Case Reports in Surgery

Case Reports in Surgery / 2014 / Article

Case Report | Open Access

Volume 2014 |Article ID 171803 | https://doi.org/10.1155/2014/171803

Timothy P. Plackett, Edward Kwon, Ronald A. Gagliano, Robert C. Oh, "Ehlers-Danlos Syndrome—Hypermobility Type and Hemorrhoids", Case Reports in Surgery, vol. 2014, Article ID 171803, 3 pages, 2014. https://doi.org/10.1155/2014/171803

Ehlers-Danlos Syndrome—Hypermobility Type and Hemorrhoids

Academic Editor: Marcello Picchio
Received11 Feb 2014
Accepted23 Mar 2014
Published15 Apr 2014

Abstract

Ehlers-Danlos syndrome-hypermobility type (EDS-HT) is a connective tissue disorder associated with chronic musculoskeletal pain. The diagnosis is based on simple clinical examination, although it is easily overlooked. Herein we present a case of EDS-HT associated with hemorrhoids and suggest that there may be an association between the two conditions.

1. Introduction

Ehlers-Danlos syndrome (EDS) is a heterogeneous group of connective tissue disorders caused by a deficiency in collagen synthesis and processing. It has been described for centuries and more recently has undergone a change in the classification system. In 1998 the Villefranche nosology grouped the disorder into six broad categories: hypermobility, classical, vascular, kyphoscoliosis, arthrochalasis, and dermatosparaxis [1]. The hypermobility type is second most common variant of EDS and can be associated with cardiovascular and gastrointestinal manifestations [2, 3]. Although hemorrhoids have not been thought of as one of the traditional gastrointestinal manifestations, we present a case that suggests it should be considered as one.

2. Case Presentation

A 34-year-old obese female was referred to general surgery for chronic bleeding hemorrhoids.
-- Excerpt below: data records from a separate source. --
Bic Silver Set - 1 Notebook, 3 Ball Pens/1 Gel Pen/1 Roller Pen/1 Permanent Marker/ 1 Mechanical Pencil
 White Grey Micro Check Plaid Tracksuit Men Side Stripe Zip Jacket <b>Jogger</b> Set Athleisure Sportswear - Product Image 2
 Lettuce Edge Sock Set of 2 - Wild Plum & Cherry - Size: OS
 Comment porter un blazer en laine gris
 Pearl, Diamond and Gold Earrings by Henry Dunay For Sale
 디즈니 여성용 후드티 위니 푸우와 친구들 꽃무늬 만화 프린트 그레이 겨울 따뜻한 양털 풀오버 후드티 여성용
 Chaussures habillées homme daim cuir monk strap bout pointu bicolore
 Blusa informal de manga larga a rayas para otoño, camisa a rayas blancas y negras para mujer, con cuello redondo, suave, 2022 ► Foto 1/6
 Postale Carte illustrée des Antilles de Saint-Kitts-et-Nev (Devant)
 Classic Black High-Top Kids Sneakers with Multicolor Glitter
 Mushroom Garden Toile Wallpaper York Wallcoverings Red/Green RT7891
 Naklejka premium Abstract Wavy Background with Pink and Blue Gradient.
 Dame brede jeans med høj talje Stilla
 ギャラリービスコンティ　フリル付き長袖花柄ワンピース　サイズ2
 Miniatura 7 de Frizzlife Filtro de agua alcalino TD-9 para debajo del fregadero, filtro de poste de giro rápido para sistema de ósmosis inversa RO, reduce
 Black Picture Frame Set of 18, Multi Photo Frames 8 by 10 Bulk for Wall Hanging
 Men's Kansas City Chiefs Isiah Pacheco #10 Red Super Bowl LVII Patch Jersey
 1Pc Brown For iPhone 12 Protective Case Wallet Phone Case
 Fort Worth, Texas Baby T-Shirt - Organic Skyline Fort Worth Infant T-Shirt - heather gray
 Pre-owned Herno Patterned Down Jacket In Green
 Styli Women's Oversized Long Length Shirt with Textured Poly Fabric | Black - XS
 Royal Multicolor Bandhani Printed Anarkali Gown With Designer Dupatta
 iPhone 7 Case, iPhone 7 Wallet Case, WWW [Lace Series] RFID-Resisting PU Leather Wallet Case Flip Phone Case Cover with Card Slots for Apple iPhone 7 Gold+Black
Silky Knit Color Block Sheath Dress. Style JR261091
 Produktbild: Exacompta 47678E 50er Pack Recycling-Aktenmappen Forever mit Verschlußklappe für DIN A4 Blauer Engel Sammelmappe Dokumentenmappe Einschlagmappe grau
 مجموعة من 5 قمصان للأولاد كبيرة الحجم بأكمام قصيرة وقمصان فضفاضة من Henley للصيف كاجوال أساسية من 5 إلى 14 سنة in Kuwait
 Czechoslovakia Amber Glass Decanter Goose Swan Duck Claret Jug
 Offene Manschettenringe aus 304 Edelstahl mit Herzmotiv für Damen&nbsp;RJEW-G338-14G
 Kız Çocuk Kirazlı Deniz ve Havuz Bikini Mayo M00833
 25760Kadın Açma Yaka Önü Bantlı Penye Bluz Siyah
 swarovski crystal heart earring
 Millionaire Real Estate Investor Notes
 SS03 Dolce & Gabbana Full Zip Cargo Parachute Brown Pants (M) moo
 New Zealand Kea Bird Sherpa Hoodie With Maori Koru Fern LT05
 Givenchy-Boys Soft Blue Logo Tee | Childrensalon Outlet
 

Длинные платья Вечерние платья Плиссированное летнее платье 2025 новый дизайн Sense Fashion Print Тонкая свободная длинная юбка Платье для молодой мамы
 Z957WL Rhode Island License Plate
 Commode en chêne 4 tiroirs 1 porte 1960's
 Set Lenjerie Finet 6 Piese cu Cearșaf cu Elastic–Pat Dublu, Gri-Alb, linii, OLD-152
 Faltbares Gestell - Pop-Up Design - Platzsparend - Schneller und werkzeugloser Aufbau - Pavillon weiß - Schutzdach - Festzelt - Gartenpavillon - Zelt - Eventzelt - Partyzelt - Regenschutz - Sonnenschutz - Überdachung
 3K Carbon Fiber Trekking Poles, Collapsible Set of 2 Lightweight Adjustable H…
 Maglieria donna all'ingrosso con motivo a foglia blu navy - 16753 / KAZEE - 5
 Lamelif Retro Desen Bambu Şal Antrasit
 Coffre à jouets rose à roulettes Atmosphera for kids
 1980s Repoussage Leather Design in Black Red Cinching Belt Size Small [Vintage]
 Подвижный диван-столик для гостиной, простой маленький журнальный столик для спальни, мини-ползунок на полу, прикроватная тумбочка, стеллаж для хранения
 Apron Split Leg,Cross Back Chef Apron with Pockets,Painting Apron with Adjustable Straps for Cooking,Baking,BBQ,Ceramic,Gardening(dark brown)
The patient reported a history of intermittent rectal pain, chronic constipation, and occasionally hematochezia. Her physical examination was remarkable for grade II internal hemorrhoids and pelvic floor physiology testing showing an increased sphincter tone.

Additionally, the patient endorsed a history of joint hypermobility, easily bruising, hyperextensive skin, chronic shoulder and elbow dislocations, and chronic back pain. Physical examination of the musculoskeletal system was notable for hyperextension of her knees and elbows, passive apposition of her thumb to forearm, passive hyperextension of her fingers bilaterally, and an ability to place her palms on the floor with forward flexion of her trunk.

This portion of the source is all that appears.